On June 11, 2008, the House Subcommittee on Courts, the Internet and Intellectual Property held hearings on proposed legislation that would extend the copyright law’s performance right to radio broadcasts of sound recordings. Witnesses representing musicians testified that such a new right was needed to close a “loophole” under which radio stations did not have to pay their “fair share” to copyright holders. A 1995 amendment to the Copyright Act made digital radio transmissions subject to the performance right. However, several attempts to extend the right to traditional analog radio have failed. Now, bills are pending in both the House (H.R. 4789) and the Senate (S. 2500) to make all audio transmissions of sound recordings subject to a performance right.

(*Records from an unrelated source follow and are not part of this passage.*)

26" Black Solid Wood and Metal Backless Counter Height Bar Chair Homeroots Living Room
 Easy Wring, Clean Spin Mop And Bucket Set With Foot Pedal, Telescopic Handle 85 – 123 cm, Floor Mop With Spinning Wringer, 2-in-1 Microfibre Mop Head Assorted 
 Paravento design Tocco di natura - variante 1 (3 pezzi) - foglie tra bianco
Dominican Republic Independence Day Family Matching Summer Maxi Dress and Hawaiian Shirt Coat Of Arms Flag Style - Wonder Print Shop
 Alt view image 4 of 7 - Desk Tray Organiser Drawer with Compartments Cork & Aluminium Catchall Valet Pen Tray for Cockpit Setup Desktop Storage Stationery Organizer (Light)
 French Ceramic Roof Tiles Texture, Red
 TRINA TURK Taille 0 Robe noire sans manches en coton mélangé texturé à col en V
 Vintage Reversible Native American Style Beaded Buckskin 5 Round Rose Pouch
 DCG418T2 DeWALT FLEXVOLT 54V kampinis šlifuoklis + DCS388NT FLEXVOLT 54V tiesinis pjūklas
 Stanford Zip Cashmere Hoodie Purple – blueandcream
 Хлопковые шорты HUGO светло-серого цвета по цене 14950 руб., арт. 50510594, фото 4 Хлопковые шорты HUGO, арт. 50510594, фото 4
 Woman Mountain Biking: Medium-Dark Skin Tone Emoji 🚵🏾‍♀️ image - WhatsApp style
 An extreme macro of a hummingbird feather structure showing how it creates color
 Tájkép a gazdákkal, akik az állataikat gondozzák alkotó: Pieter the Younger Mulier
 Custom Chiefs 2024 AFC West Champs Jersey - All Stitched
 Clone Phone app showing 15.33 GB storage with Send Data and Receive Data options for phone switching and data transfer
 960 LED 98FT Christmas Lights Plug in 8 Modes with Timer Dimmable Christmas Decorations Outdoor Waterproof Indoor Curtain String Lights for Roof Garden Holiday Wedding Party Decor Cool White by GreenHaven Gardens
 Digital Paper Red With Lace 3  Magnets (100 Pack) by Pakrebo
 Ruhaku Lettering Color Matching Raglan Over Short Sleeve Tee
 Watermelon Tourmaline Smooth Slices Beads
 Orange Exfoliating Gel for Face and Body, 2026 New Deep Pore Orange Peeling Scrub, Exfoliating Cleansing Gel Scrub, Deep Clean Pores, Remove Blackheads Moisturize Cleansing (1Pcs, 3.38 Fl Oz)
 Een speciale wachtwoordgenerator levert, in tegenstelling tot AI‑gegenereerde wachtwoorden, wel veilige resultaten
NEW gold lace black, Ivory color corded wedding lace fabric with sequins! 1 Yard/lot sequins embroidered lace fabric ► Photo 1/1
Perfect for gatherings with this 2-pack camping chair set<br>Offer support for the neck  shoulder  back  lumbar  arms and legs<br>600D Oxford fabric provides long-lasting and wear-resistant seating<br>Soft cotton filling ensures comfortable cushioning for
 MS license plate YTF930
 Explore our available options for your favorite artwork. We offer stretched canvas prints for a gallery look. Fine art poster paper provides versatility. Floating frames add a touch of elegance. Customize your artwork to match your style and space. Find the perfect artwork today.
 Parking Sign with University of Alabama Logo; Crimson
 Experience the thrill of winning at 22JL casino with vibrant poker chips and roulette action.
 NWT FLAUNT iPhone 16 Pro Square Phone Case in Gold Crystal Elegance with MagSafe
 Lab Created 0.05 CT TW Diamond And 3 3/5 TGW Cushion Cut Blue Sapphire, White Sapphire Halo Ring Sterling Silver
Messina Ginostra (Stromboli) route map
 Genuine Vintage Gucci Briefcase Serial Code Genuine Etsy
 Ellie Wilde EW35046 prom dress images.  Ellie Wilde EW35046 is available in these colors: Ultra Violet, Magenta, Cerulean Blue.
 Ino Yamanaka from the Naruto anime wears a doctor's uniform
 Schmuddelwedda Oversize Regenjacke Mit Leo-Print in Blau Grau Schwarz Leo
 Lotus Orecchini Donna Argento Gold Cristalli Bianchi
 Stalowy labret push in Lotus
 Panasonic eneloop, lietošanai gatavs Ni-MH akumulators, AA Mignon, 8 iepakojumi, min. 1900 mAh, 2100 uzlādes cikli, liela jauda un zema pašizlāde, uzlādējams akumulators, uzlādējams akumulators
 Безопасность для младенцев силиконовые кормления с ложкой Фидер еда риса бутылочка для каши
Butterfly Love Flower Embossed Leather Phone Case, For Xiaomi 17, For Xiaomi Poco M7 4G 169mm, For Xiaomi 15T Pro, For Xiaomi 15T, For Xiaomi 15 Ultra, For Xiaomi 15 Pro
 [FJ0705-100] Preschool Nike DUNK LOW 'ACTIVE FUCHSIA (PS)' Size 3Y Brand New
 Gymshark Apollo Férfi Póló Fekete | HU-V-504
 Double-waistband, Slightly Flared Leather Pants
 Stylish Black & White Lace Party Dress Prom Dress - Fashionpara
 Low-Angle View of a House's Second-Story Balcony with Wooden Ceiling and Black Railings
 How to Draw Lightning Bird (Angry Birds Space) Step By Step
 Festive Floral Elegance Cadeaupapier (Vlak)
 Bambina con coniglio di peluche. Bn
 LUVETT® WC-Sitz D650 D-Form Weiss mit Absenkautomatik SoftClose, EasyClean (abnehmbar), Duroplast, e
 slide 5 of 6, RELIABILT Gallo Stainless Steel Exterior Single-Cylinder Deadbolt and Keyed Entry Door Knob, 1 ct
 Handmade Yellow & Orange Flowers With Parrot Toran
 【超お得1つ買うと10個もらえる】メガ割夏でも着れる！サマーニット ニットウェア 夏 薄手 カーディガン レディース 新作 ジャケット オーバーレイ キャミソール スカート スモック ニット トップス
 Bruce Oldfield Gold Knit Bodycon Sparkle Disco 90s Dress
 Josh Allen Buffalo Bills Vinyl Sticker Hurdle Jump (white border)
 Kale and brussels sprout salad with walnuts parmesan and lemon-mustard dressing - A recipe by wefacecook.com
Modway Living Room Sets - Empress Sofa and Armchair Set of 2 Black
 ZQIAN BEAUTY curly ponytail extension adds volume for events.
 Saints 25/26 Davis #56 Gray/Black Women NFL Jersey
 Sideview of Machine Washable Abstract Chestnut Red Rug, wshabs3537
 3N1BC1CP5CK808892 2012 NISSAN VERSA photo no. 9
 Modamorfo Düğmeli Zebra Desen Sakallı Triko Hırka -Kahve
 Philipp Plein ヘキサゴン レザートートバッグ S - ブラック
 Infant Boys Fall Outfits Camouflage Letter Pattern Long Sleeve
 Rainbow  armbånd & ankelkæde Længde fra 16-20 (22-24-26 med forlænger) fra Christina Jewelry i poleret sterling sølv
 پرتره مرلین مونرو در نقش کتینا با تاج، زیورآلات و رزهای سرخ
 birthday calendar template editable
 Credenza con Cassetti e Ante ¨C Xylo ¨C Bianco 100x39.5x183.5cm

When introducing the legislation late last year, Representative Howard Berman of California explained that songwriters and music publishers “rightly do get paid when their song is played on the radio, but the artist whose voice or musical talent brings in the ad revenue for the station never receives a penny from the station.” Representative Berman explained that broadcasters in almost all other countries in the world pay such a performance right, “except for China, Iran, North Korea, and Rwanda.” He also explained that cable, satellite and Internet radio services already pay a fee determined by the Copyright Royalty Board for a statutory license to broadcast music, and the proposed legislation would simply extend that to terrestrial broadcasters such as AM and FM radio stations.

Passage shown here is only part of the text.